Wednesday, January 9, 2008

Back from the South

I flew from Bishkek (in the North—look at the map on this site) to Osh (in the South) on December 24th. I went down there with Tynara, my colleague from AUCA, and Mirlan, one of my research assistants. The plan was to stay in Osh for three or four days to collect about 6 interviews, then down to Isfana, if the very southernmost corner of Batken province in between Uzbekistan and Tajikstan for another 7-8 interviews, and then north to Jalalabad, the third southern province, for another 7-8 interviews.
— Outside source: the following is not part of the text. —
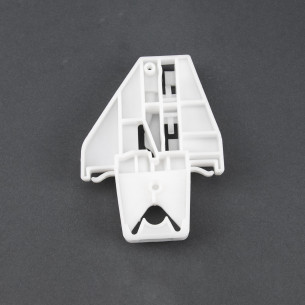 Window Regulator Repair Set Rear Left For Seat - Aftermarket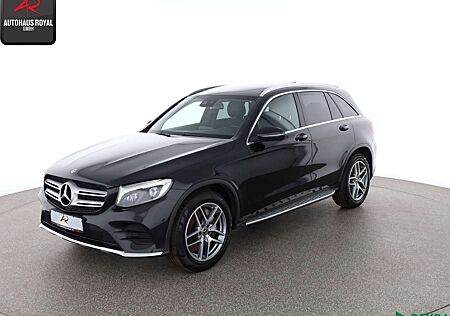 Mercedes-Benz GLC 220 d 4M 3x AMG PANO,BURMESTER,ILS,STANDHEIZ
It didn’t really work out that way. Osh was great. I had a wonderful contact down there who helped me find people to interview. I took about 9 interviews. I interviewed more people than I originally planned because we got a huge snowstorm the day after Christmas (western Christmas, that is, the Russian Orthodox church celebrates Christmas on January 7th). There are two roads into Batken province. The better of the two roads goes through Uzbekistan, and I don’t have an Uzbek visa, so that wasn’t an option. The other road is basically a dirt road, and the prospect of driving that in the snow was unappealing. Not to mention dangerous. It’s not that it would be incredibly slippery—that’s the road through Uzbekistan. It would just be very likely that we would get bogged down in rocks and mud.
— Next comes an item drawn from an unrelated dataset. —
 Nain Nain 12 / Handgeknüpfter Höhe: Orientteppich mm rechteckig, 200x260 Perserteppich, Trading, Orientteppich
I decided it wasn’t worth the risk. My contact in Osh was kind enough to inform me about a couple people from Batken province who had come up for a meeting, and I was able to interview two of them. That means I only have three interviews from Batken. That’s unfortunate. But not the end of the world. In the end, it’s my surveys that really absolutely need to be distributed in certain geographic areas, although I really would have like to have seen Batken province. Maybe I’ll go down again once the weather clears, just to see it. It would be too late in my research schedule to do more interviews.
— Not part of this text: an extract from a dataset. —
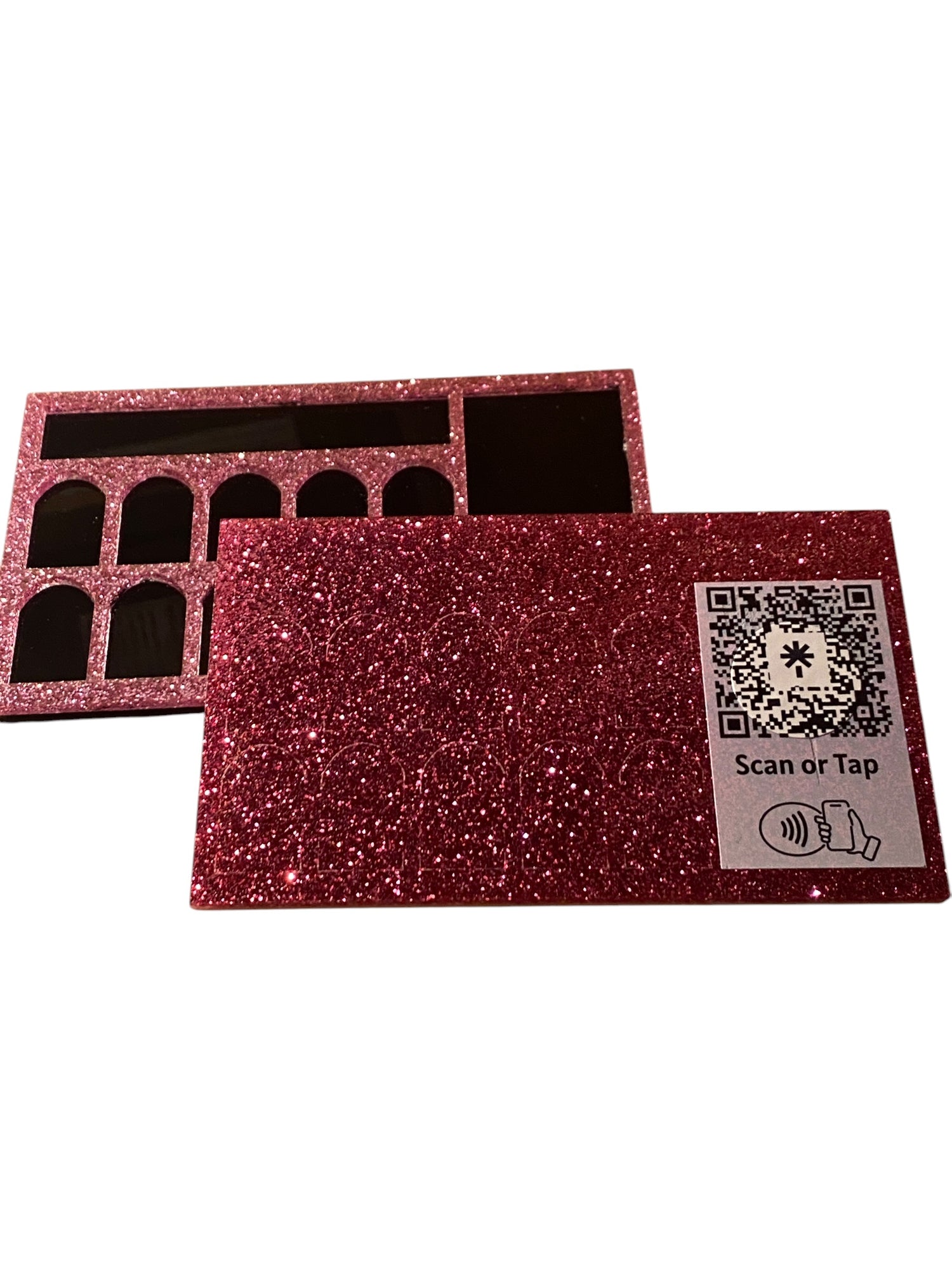 For Press On Nail Sellers | Branded Nail Display Trays & Seller Tools by Nail Girlies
So we stayed to extra days in osh to allow the roads to clear up and to regroup. I actually go a few really good interviews during that time, so I’m glad I stayed. We then went up to Jalalabad and got another 9 interviews. That was to make up for the lost interviews in Batken—I’m already going to have more interviews from the north than from the south, and I didn’t want the difference to be too drastic.

We flew home on New Year’s eve. It’s very cold.